> _Required work_: Exactly and only the lines below from the one containing "Ilustración de vector" down to the one containing "grape mochi" are wanted, both included; please exclude every picture.

> _Material shown_:
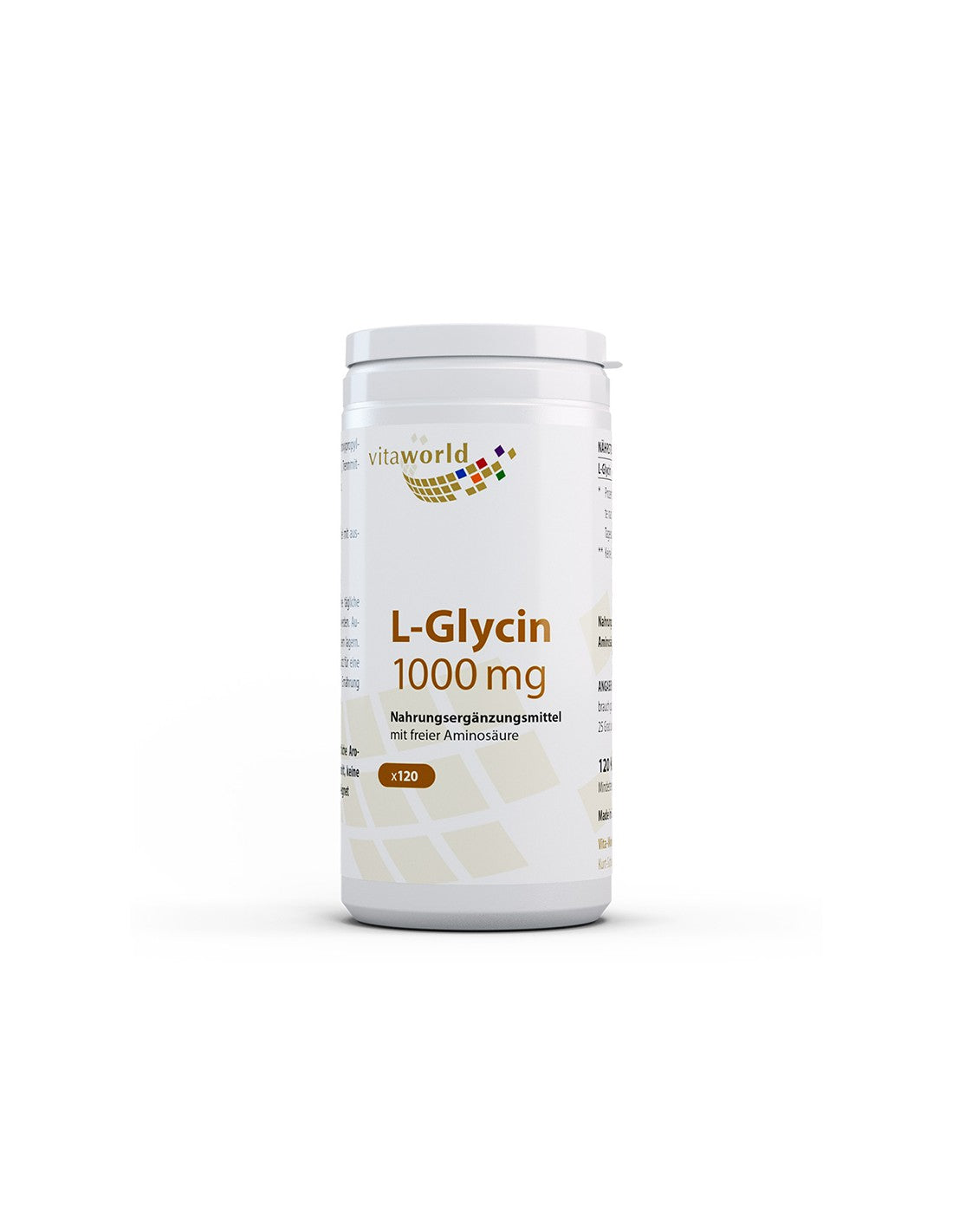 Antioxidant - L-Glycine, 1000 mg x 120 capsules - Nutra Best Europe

==

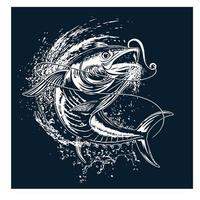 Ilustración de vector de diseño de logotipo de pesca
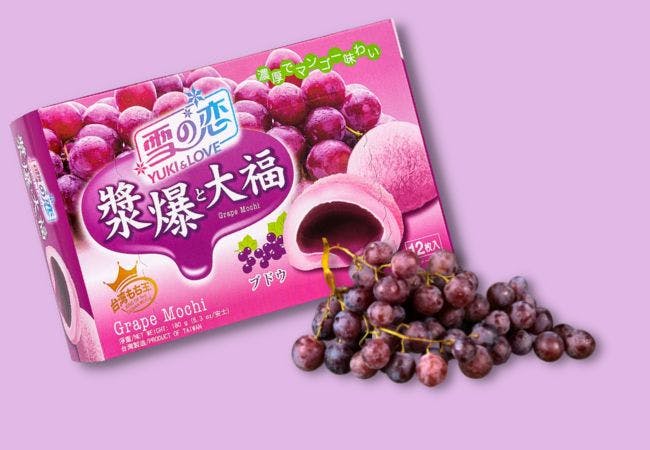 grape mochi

==

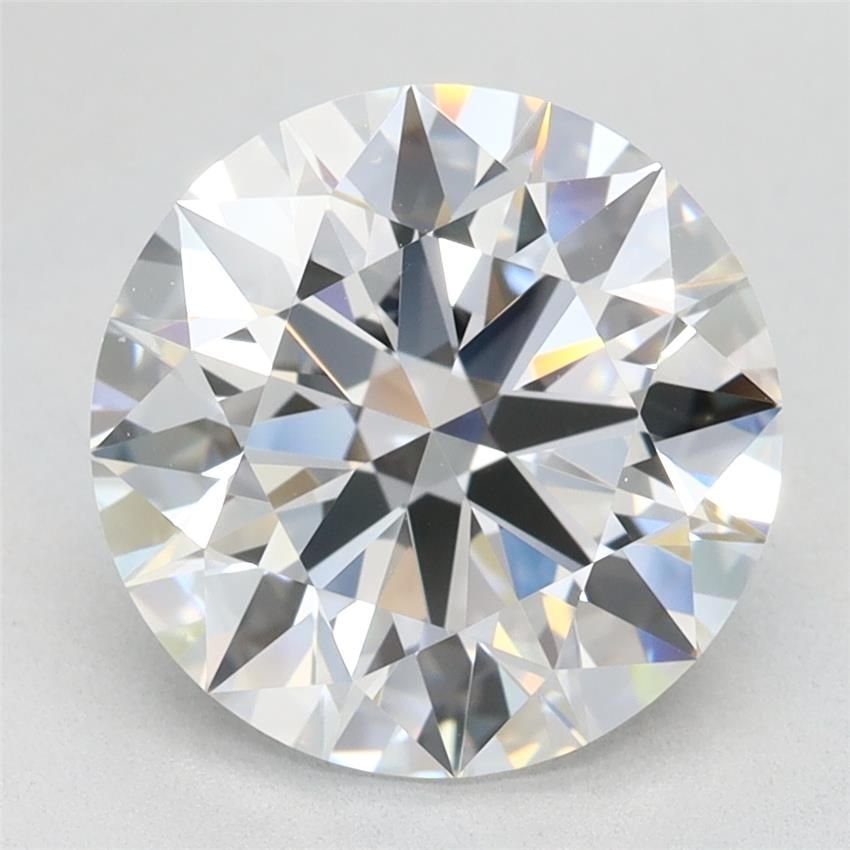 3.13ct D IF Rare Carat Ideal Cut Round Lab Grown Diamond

> _Written reply_:
 Ilustración de vector de diseño de logotipo de pesca
 grape mochi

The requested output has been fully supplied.